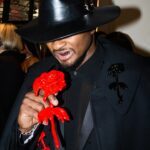 Usher Instagram - CUSTOM-MADE ALEXANDER MCQUEEN by SEÁN MCGIRR 🌹#MetGala #ReawakeningFashion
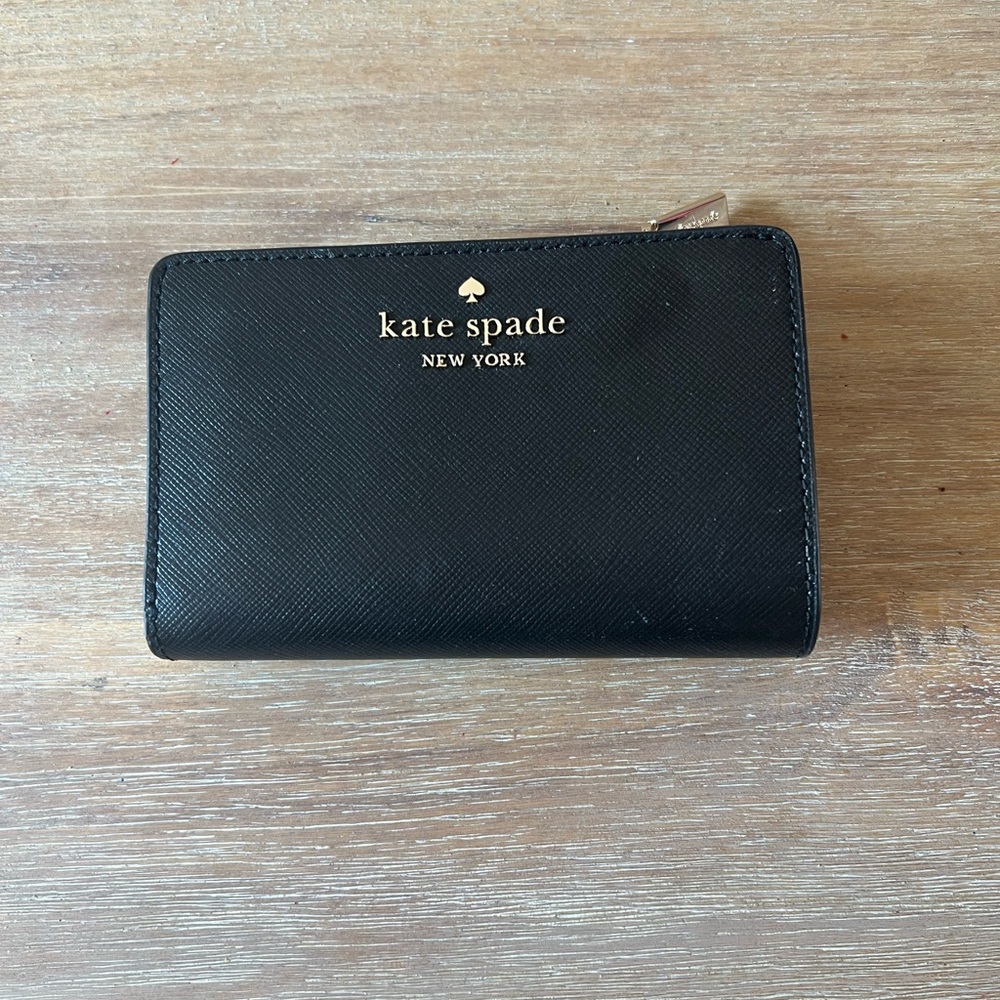 NWT Kate Spade Staci Wallet in Saffiano Leather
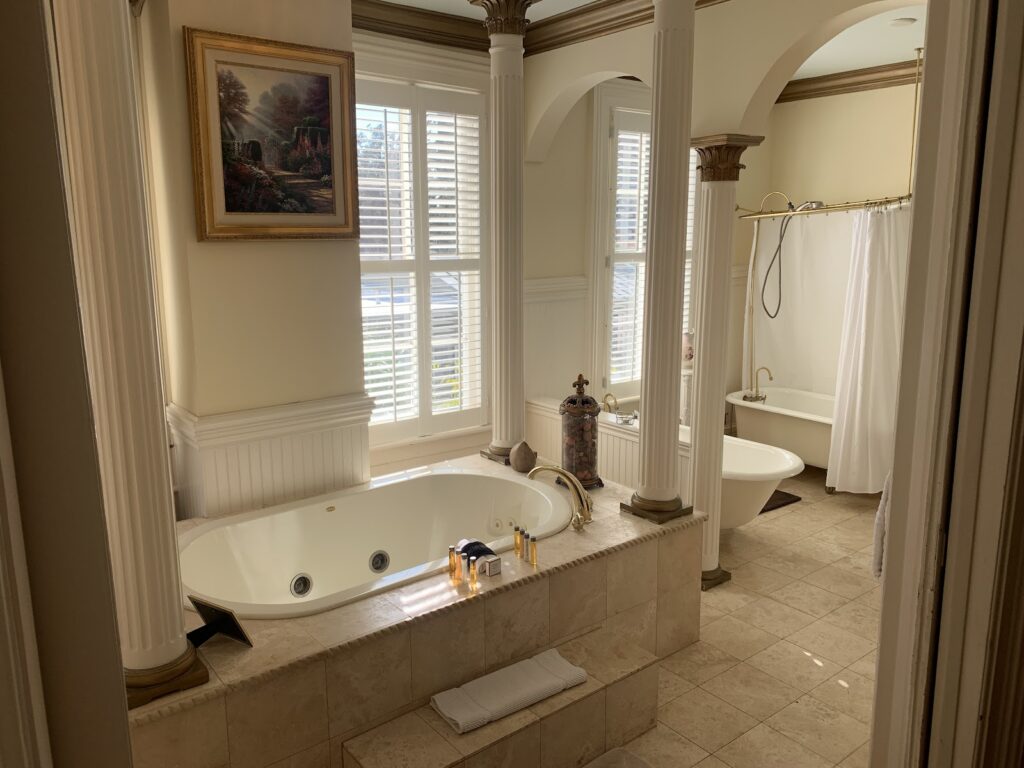 Justine Inn Savannah photo 2 of 4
§
### Task objective
Leaving out only the pictures, return the material above unchanged.

### Output for this exercise
 Usher Instagram - CUSTOM-MADE ALEXANDER MCQUEEN by SEÁN MCGIRR 🌹#MetGala #ReawakeningFashion
 NWT Kate Spade Staci Wallet in Saffiano Leather
 Justine Inn Savannah photo 2 of 4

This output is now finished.